なお、この当時、下着姿や裸を見ちゃった歌手やタレントさんなどには、後にボクが自分の性別を明確にした上で芸能界に復帰した後、会う機会のあった人にはみんな謝ったのだが、相手はみな「心が女の子だったら問題無し」と言ってくれた。特にボクの「ファーストキス」を奪った、パラコンズのくっくなどとは復帰後楽屋で会った時に、おっぱいの触りっこもしたし、携帯のアドレスを交換して個人的な交流(むろん女の子同士として)も深めた。
 
9月第2週の土曜日、ボクたちは栃木県の温泉で行われたイベントに出演した。イベントのメインは15人構成の女子中高生のアイドルユニット「リュークガールズ」
で、ボクらはその前座としての出演。イベント自体の設営スタッフも兼ねての仕事であった。(設営スタッフとして仕事をしたのはこの日が結局最後になった)
 
同世代の女の子たちなので、控え室ですぐに仲良くなってしまった。ただ政子はこういうわいわい騒がしい集団が苦手なので、途中でプイといなくなってしまい、本番の直前に戻って来た。
 
「マーサ、どこ行ってたのさ。戻って来なかったらどうしようって気が気じゃなかったよ」
「ごめーん。そのあたりを散歩してた」
「政子ちゃん、場を離れる時はちゃんと私に言って」と須藤さんも少し怒っていた。
「ごめんなさい」
 
とにかくも本番となり、ボクたちが「ふたりの愛ランド」を歌う。本当は「明るい水」
を歌いたかったのだが、場を盛り上げるのにはこちらがいいでしょうと言われて、そちらの選曲になった。しかしこれはけっこう会場全体の雰囲気を盛り上げるのに役だった感じであった。
 
「それでは本日のメインゲスト、リュークガールズです」とボクは歌い終わったままのマイクで言うと、政子と一緒にステージ中央の階段から客席に降り、入れ替わりにリュークガールズが登場し、彼女らのヒット曲を歌う。
 
「なんか・・・・・」と政子。
「盛り上がってないね」とボクは小声で答えた。
「でも、人気があるんだよね?」
「この世界、実力と人気はあまり関係無いよね。私ちょっと自信付いた」と政子。
 
ボクたちはステージの袖で、背景を上げたり、ミラーボールを回したりといった作業をしながら彼女らの歌を聴いていたのだが、曲が適当、歌が下手、で観客もしらけてしまった状態で6曲からなるステージは終了してしまった。
 
しかし歌っていた彼女たちはステージの反応などどうでも良かったような感じであった。
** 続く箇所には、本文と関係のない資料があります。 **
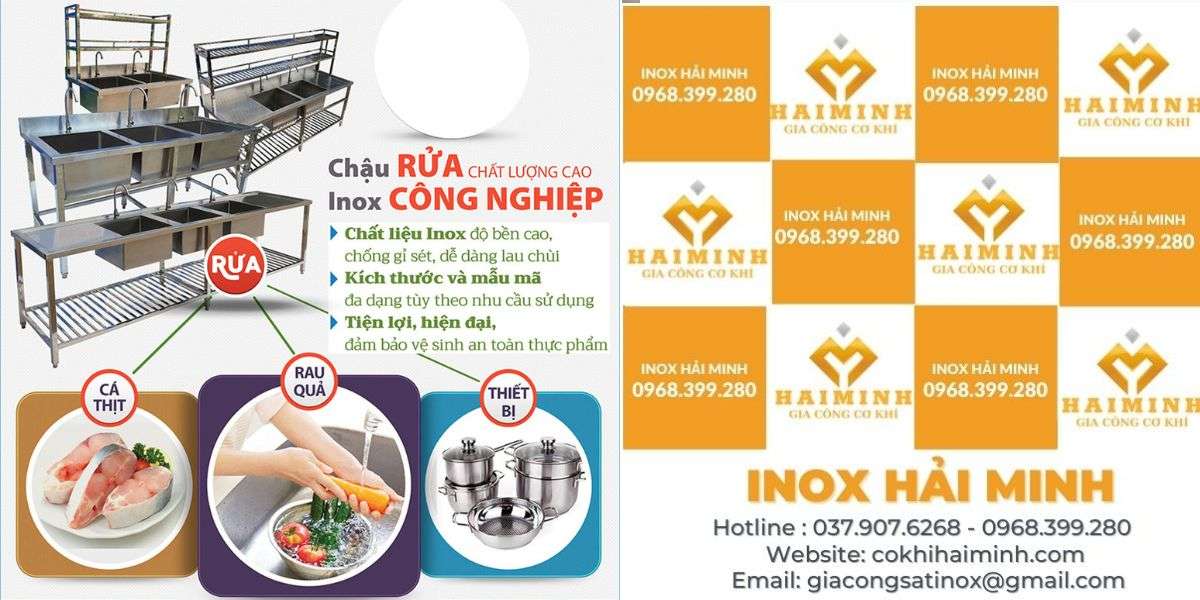 Chậu rửa công nghiệp đa năng rửa rau củ quả, thịt cá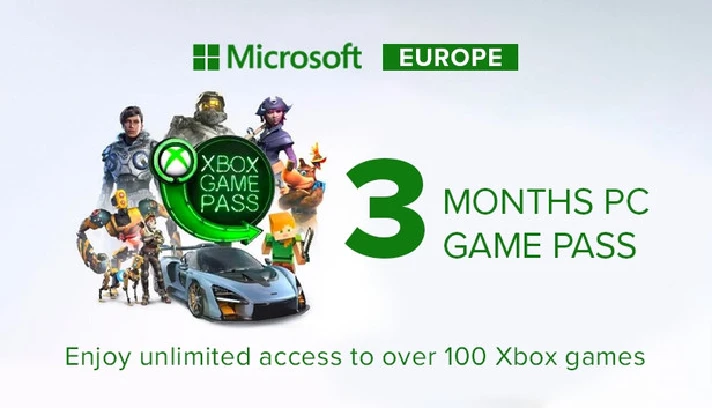 ✅🚀XBOX GAME PASS 3️⃣ months💻 for PC💻+CASHBACK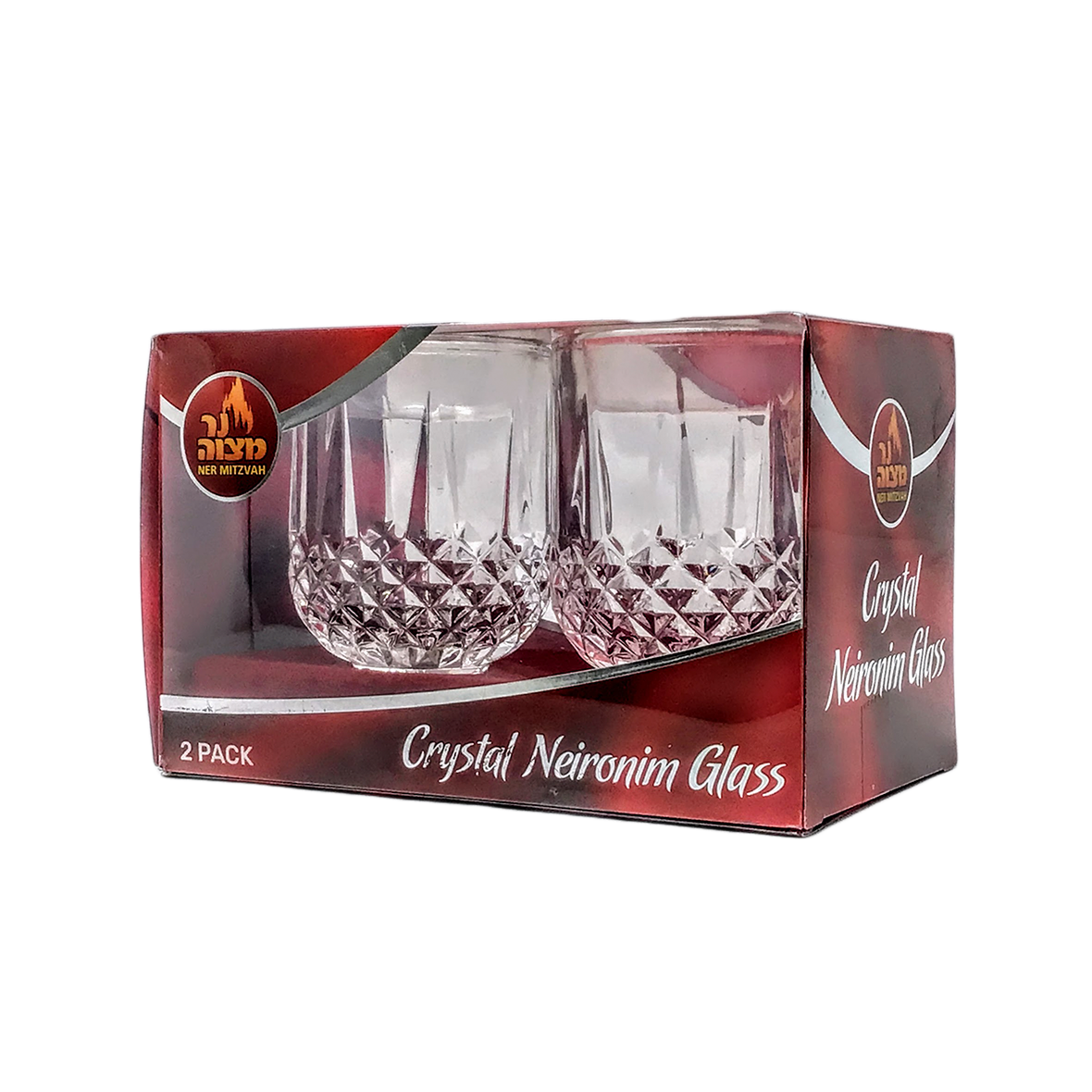 Par de vasos cristal tallado #15 60015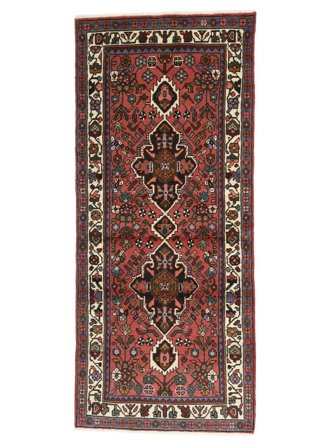 Ruční Vázání Hamedan Koberec 76X180 Perský Vlněný Tmavě Červená/Černá Malý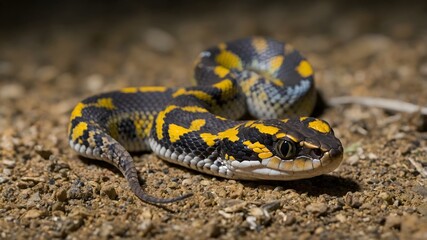 Obraz premium Olive-Headed Sea Snakes Mating in a Vibrant Underwater Paradise
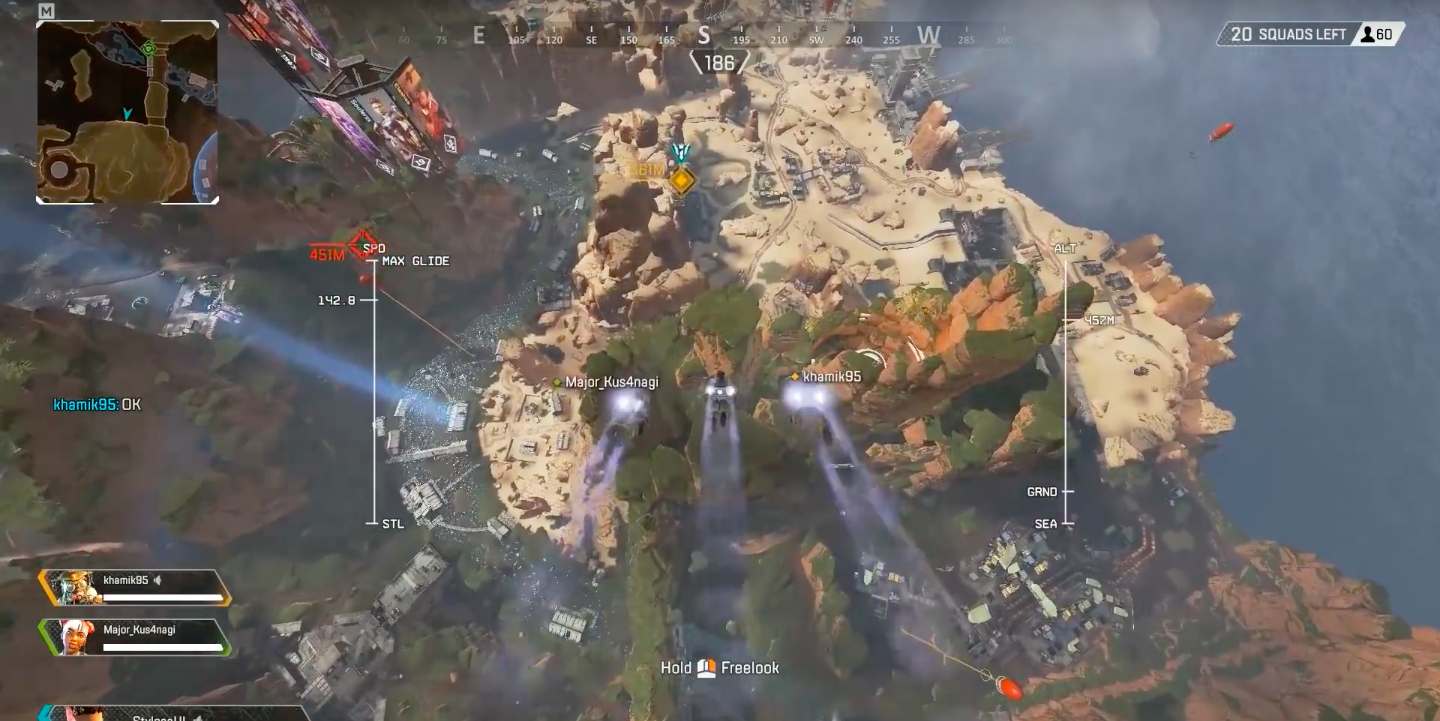 Land Faster in Apex Legends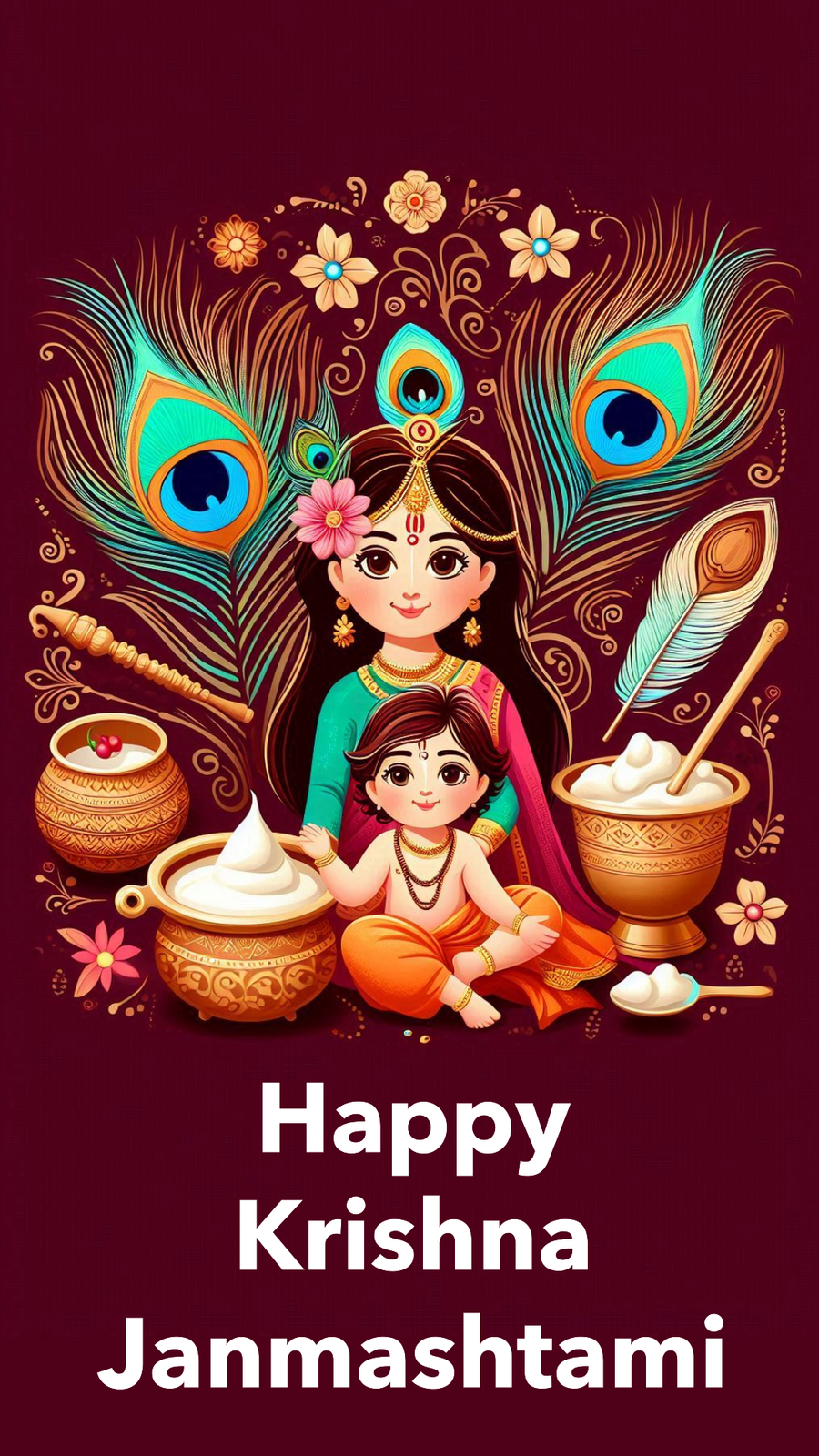 Curd Pot And Flute In Happy Krishna Janmashtami Photo Download - Royalty Free Happy Krishna Janmashtami Image | Pngmagic Free Download Curd Pot And Flute In Happy Krishna Janmashtami Photo Download - High Quality Happy Krishna Janmashtami Background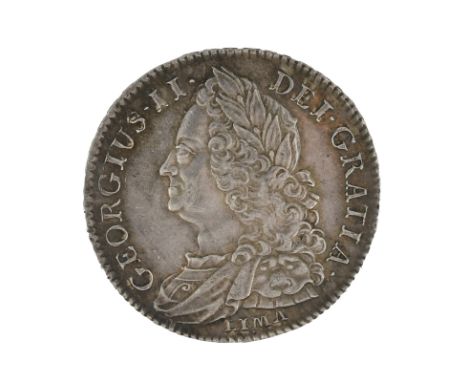George II half crown Lima 1745, edge with lettering
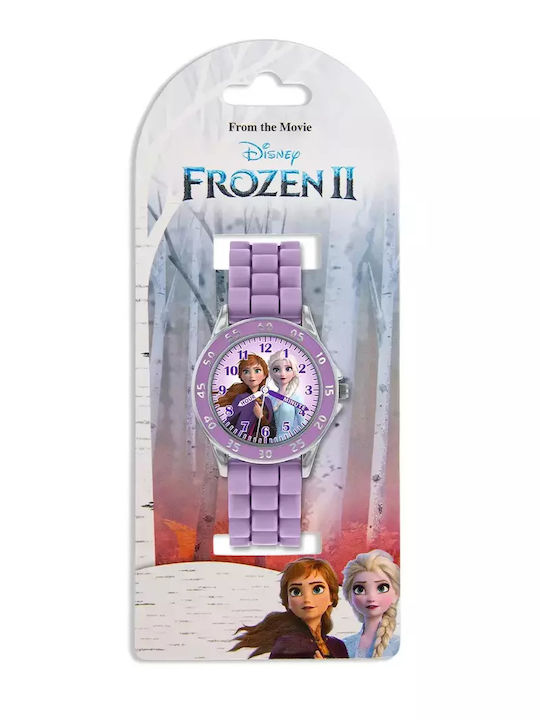 Disney Παιδικό Αναλογικό Ρολόι 32mm Frozen Μωβ
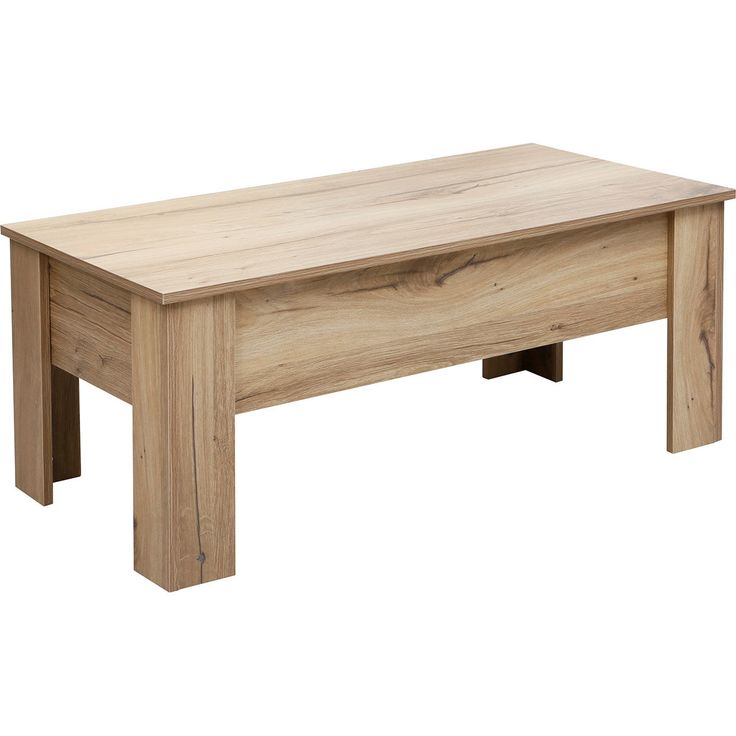 Coffee table HANNES 100x50xH42cm, rustic melamine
引き上げてくるとまた控え室でおしゃべりで盛り上がっている。ボクは心の中で苦笑いしながら、彼女たちに「お疲れ様〜」といって飲み物を配った。政子はステージのほうの片付けの作業をしている。ボクもそちらを手伝いに行こうかなと思っていた時、温泉協会のスタッフの女性が控え室に入ってきて
「皆様、今日はありがとうございました」
と挨拶する。
 
ボクは何となく出て行きそびれて部屋の中にいた。
「もし良かったら温泉に入って行かれてくださいね」といってチケットを配る。「あ、前座の方もどうぞ」と言って、ボクは(政子の分まで)2枚もらってしまった。
 
「わあ、温泉入りたーい」と言って騒いでいる。「じゃ、折角だから入ってから帰ろうか」などとリュークガールズの女性マネージャーさんも言っている。ボクは微笑んでそのまま出て行こうとしたら、ひとりの子に「あ、ケイさんも一緒に行きましょうよ、温泉」などと言われて呼び止められた。えー?『一緒に』と言われても・・・とボクは困ってしまったが、あまり断るような理由がない。
 
「いや、設営の撤去のほうの仕事が・・・」と言ったが、
「だって撤去とか、力仕事でしょ?男性のスタッフに任せておけばいいですよ」
などとマネージャーさんに言われてしまう。いや男性スタッフがメインの仕事だから自分は行かないといけないのだけどね、とは思うものの、まさかそれは言えないし、今日のメインゲストのマネージャーさんから言われたのでは益々断りにくい。
 
で、結局ボクは彼女らに連れられるようにして、温泉の方へ行くことになってしまった。温泉の受付を通り、長い廊下をおしゃべりしながら歩いて行く。突き当たり、右が姫様、左が殿様と書かれている。ここでひとりだけ殿様の方に・・・行ける訳がない! 当然、みんなに連れられて姫様の方に入っていく。きゃー、こっちに入っちゃうの!?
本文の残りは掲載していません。